The U.S. Environmental Protection Agency’s (EPA) lower ozone standard poses a challenge to Arizona based on the state’s unique geography, climate and mixed emissions sources, the Arizona Department of Environmental Quality (ADEQ) announced Oct. 2 in Phoenix.
The combination of strong sun, the fact that “air pollution does not recognize political boundaries” -- referring to the state’s proximity to California -- and limited reduction options in rural areas create a high hurdle for Arizona’s revised compliance goals.
Currently, ADEQ and its partners monitor ozone concentrations. According to EPA, most areas already see ozone levels below 70 parts per billion on most days.

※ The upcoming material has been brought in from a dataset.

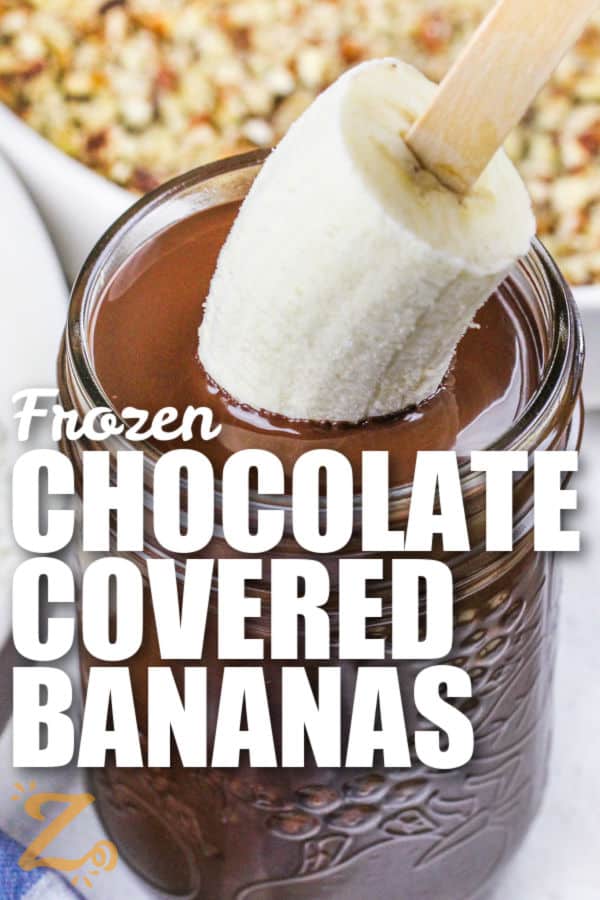 dipping a banana on a stick in chocolate to make Frozen Chocolate Covered Bananas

And industry-wise, the state is not a significant producer of internal combustion gases from vehicles.
However, nine out of Arizona’s 10 monitored counties report ozone concentration levels in excess of EPA’s new standard too frequently, with Navajo County being the sole jurisdiction consistently in compliance with the new standard.
“Implementation of this new, lower standard will be difficult in Arizona,” ADEQ Air Quality Division Director Eric Massey said. “Emissions and options to reduce them are few, particularly in rural areas like La Paz County.”
Arizona has one year in which to make a proposal to EPA whether to classify its monitored counties’ air quality as being in or out of attainment with the new, lower ozone standard.
Established in 1986, the Arizona Department of Environmental Quality is the state agency responsible for protecting and enhancing the state’s public health and environment.
ADEQ will engage in a stakeholder process and invite public participation in the recommendation process.